I consider myself a true lover of good music.. I listen to everything from metal to jazz and blues and onto country music at times. I really enjoy the music itself and especially when it can be head via a great sounding set of headphones. I dropped the $$$ yesterday at BestBuy and picked up a set of the Beats Tour earbuds by MonsterCable and Dr. Dre. 

I really bought these earbuds in disbelief that they would be worth the money. As the owner of 20 different sets of ear buds, including Shure E3c's, Shure E2'c, Sennheisers, ect..., I am always looking for something more perfect than my already very nice collection ofquality headphones. I picked these up for right at $160 including tax and went to the car with a grin on my face. The packaging, like everything monster cable, is overdone but very classy and very nice. The headphone come with a very nice carrying pouch like my Shures and some of the nicer Skull Candy earbuds. They are a shiny black finish with wide flat red cables designed to help with tangling. Included in the box is 3 sets of mushroom style soft ear inserts and 2 sizes of the conical tree shaped ear inserts.
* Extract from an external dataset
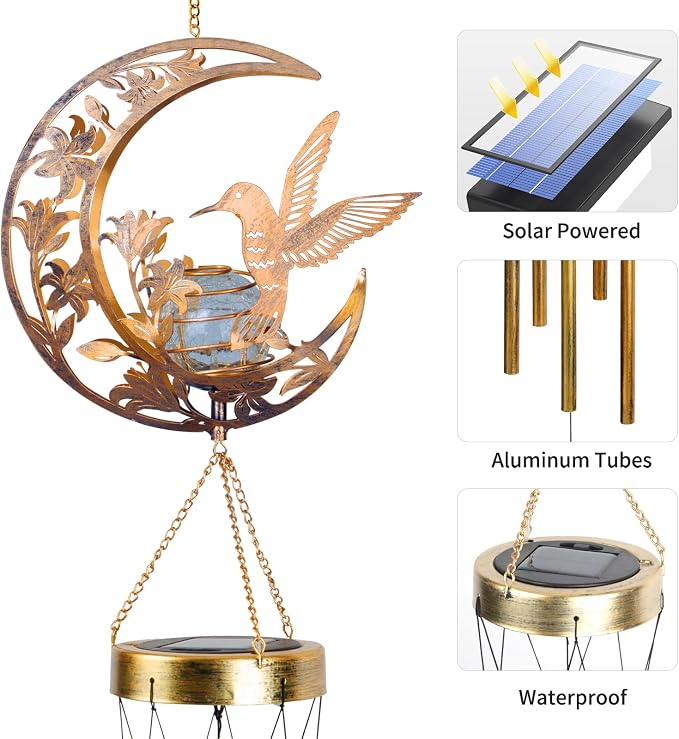 Hummningbird Solar Outdoor Wind Chimes - Unique Moon Hummingbird Design, for Mothers, Grandmothers, Sisters, Friends and Girls on Birthdays, Christmas, Thanksgiving and Mother's Day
I didnt have my 120GB Zune with me at the store but I did have my 32gb iPhone 3GS so i plugged her up and chose a song. I hit play put my finger on the volume, laid my head back, and closed my eyes. My immediate impression of these were how crazy crisp the highs were. The cymbal hits had a superb "pop" to them that at high volume actually made me blink at tad at loud hit. As soon as I heard that I was very impressed, however most earbuds with great highs are usually lacking the low end bass response as well. You usually get crisp and flat or deep and muddy with ear buds unless you go from a set of Shure e3c's or higher. Soon after I am enjoying the crisp sounds of the highs comes the bass line.. WOW!! The bass response was very powerful without being muddy at all! Have I heard a more bassy set of earbuds? YES. Were they muddy as hell? YES. The Beats Tour were far from muddy, they have a very responsive bass note and the drivers recover very quickly giving you the next bass note and allowing you to hear the separation in the bass as it were intended. Already I am smiling from ear to ear about how these bad boys sound, and I am in real disbelief. Next on that track comes in the vocals.... I was hit with a very strong vocal line of a womans voice that made my smile get that much larger. Just as the high hat was and the bass line, there was a very distinct crispness in everything that was entering my ear canal.
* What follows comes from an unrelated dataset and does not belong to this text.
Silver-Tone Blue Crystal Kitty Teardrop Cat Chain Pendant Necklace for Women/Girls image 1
I have to say that I am extremely impressed with these earbuds and I have no desire to return them to BestBuy as I was sure I would. I am out $160 now for sure because these earbuds are here to stay. Do I recommend them? In a heart beat! Are they worth the money? Well, I would love to have gotten these for $120 for sure, and hated that at a MSRP of $150 was the bottom dollar but yes they are worth the money. I do think monster cable would sell 3 times as many sets if they dropped their pricing down another $20-$30 but with these, that will probably never happen.

I am looking forward to hitting the slopes this winter with these blasting crisp, clean, goodness into my ear canal.


----------



## Guest (Oct 2, 2009)

Might wanna change that next to last paragraph, since you DID take them back to Best Buy. LOL


----------